Der britische Außenminister Boris Johnson ist zurückgetreten. Wie die Regierung in London am Montag mitteilte, akzeptierte Premierministerin Theresa May am Nachmittag das Rücktrittsgesuch ihres Außenministers.
Nur wenige Stunden zuvor hatte der Brexit-Minister David Davis, der wie Johnson zu den Hardlinern in der Frage des EU-Austritts Großbritanniens zählt, seinen Rücktritt eingereicht. Er wurde durch Dominic Raab ersetzt.
Johnson galt als einer der Hauptkritiker Mays und hatte ihren Brexit-Kurs immer wieder als zu weich angegriffen. Am Freitag hatte sich May gegen seinen Willen mit ihrer Entscheidung für eine Beibehaltung einer engen wirtschaftlichen Anbindung an die Europäische Union durchgesetzt. Großbritannien will die EU im März 2019 verlassen.

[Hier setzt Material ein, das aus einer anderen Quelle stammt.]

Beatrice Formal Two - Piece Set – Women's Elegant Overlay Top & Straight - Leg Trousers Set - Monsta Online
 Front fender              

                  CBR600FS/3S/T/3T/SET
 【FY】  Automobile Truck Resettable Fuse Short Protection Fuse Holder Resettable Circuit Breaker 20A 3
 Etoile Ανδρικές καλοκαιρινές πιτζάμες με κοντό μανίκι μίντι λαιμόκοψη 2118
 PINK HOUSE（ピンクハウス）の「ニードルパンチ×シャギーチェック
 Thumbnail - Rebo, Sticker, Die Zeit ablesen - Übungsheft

Der ehemalige Londoner Bürgermeister war das Gesicht der Brexit-Kampagne und der Wortführer der Europagegner in Großbritannien. Der exzentrische Konservative hatte nach dem Brexit-Votum 2016 gesagt, die EU sei "eine noble Idee für ihre Zeit" gewesen, doch "nicht länger richtig für dieses Land".
Nach den beiden Ministerrücktritten hat die britische Premierministerin Theresa May ihren kooperativen Kurs in den Brexit-Verhandlungen verteidigt.
Sie bedauerte am Montag im Unterhaus den Rückzug von Außenminister Boris Johnson und Brexit-Minister David Davis, verwies aber auch auf die unterschiedlichen Ansichten der beiden mit Blick auf das Verhältnis zwischen Großbritannien und der EU nach dem Ausstieg Londons aus der Union im kommenden Jahr. Ihr Ziel, weiterhin enge Beziehungen zur EU zu pflegen, schütze Arbeitsplätze und sei das beste für die Bevölkerung, sagte May. "Es ist der richtige Deal für Großbritannien."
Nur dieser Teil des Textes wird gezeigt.